Das „Kaffeehaus Dallmayr" verbirgt sich im Inneren des Museums für Kommunikation. Im weitläufigen Lokal trifft bei Gastgeberin Katrin Schwarze feine bayerische Lebensart auf kantige Berliner Weltläufigkeit.
München trifft Berlin. Feinste bayerische Lebensart meets kantige Berliner Weltläufigkeit an der Leipziger Ecke Mauerstraße. Unter einer abgehängten historischen Stuckdecke hat das „Kaffeehaus Dallmayr" seit 2015 seine hiesige Dependance im Museum für Kommunikation. Die Schönheit des Ambientes und der Köstlichkeiten in bester Münchener Hoflieferanten- und Delikatesshaus-Tradition offenbart sich im Inneren: Tische und einladende Holzstühle und Bänke verteilen sich großzügig im Raum. Vor bodentiefen Fenstern mit Blick auf die Terrasse im Innenhof steht ein Flügel.

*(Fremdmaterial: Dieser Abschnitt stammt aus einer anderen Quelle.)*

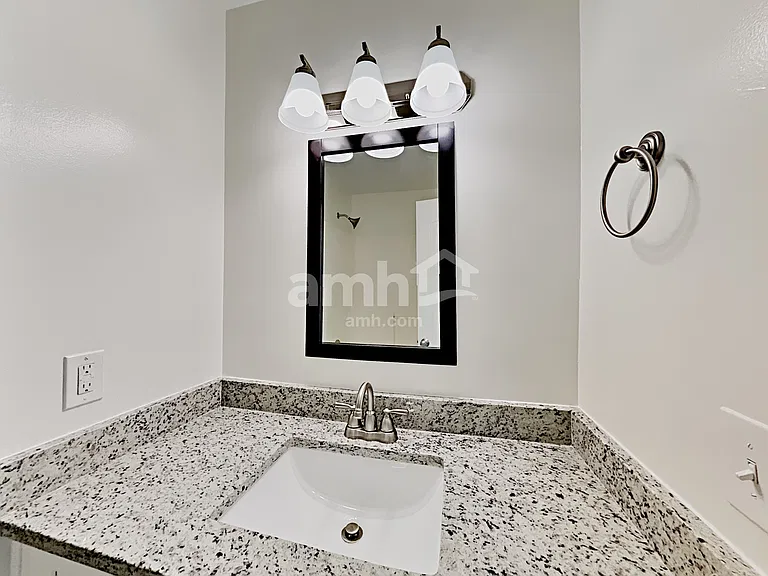 2533 Kilkenny Ct — Photo 17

Eine Vitrine mit hausgebackenen Kuchen, Dallmayr-Kaffee, -Tee und -Pralinen sowie eine große Nymphenburger Porzellanvase als Kaffeebehälter erinnern an die große Tradition des Feinkosttempels und Kaffeehauses.

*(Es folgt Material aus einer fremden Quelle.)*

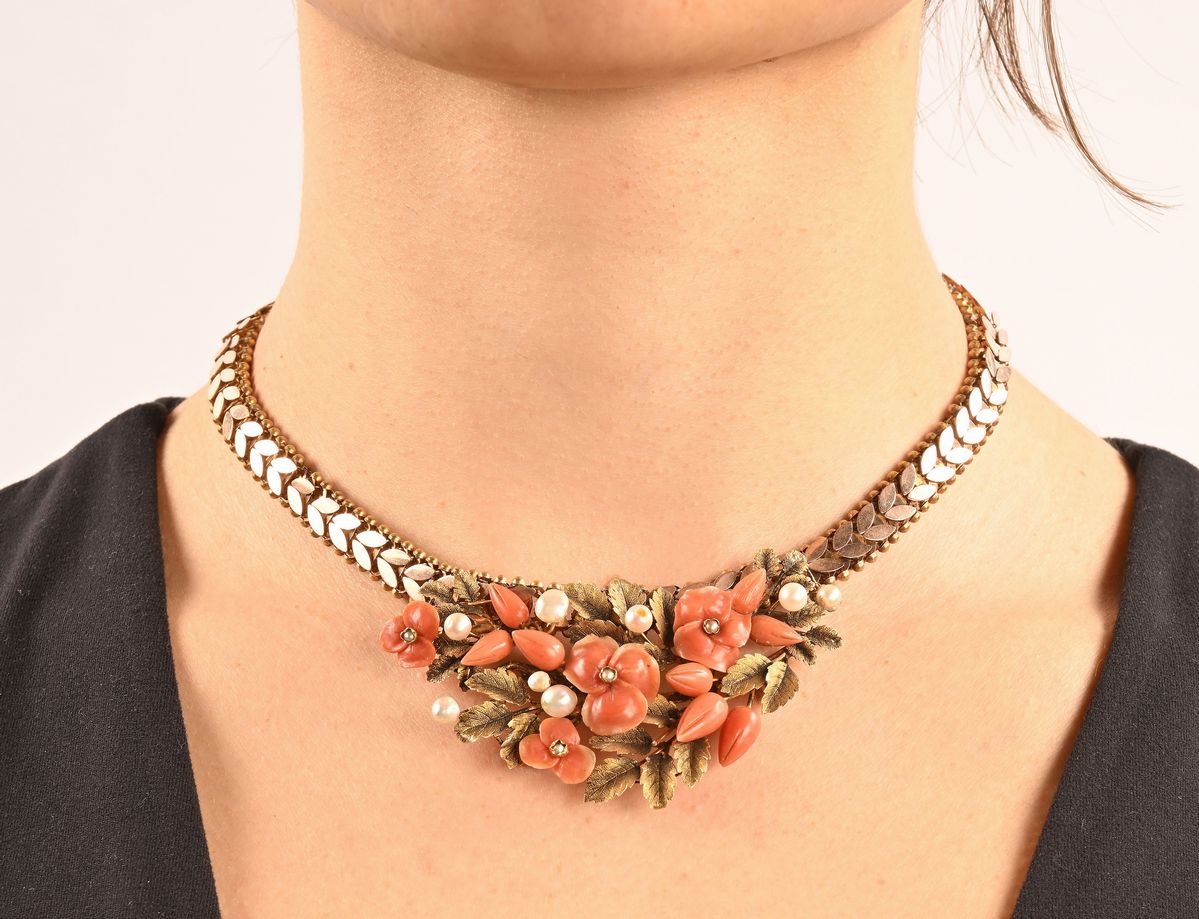 Collana Antica in Oro Corallo e Perle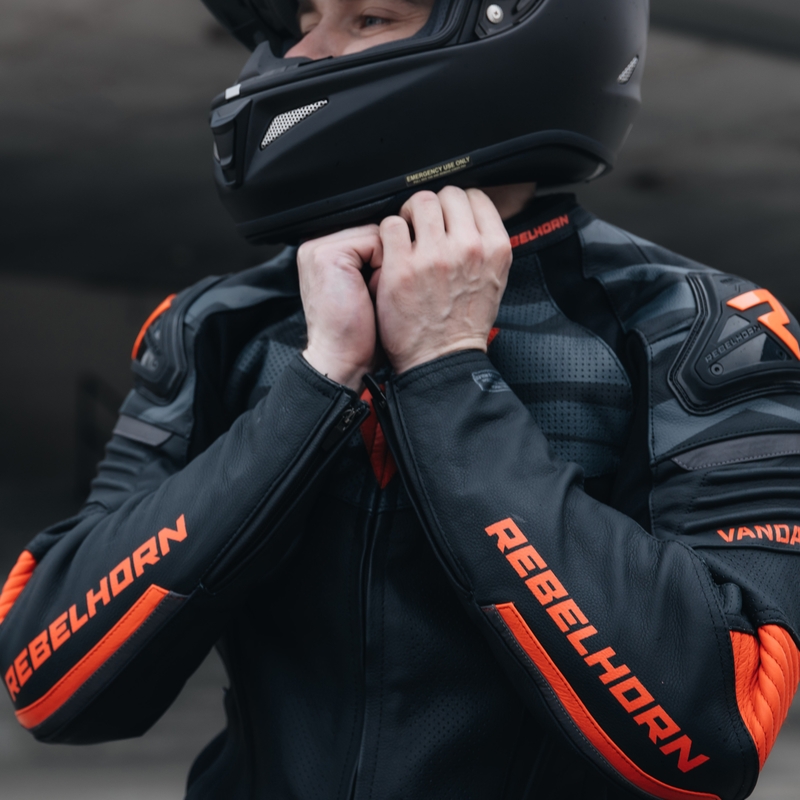 Geacă de motocicletă din piele Rebelhorn Vandal negru-roșu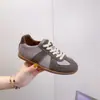 Zapatillas de entrenamiento retro alemanas para mujer con aumento de altura interior, nuevo estilo otoño 2026, zapatillas casuales cómodas y versátiles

„Vor 13 Jahren hat Dallmayr in Berlin mit dem Catering begonnen, weil es Unternehmensanfragen gab", erzählt Julia Stein, Niederlassungsleiterin von Alois Dallmayr Berlin. Daraus entwickelte sich die Idee, „dass es schön wäre, eine eigene Location zu haben". Die Münchener! Was sie in ihrer Heimat schätzen, wollen sie bei den „Preißn" nicht missen. „Das Etageren-Frühstück ist in München ein absoluter Klassiker. Die Gäste zelebrieren das", sagt Julia Stein.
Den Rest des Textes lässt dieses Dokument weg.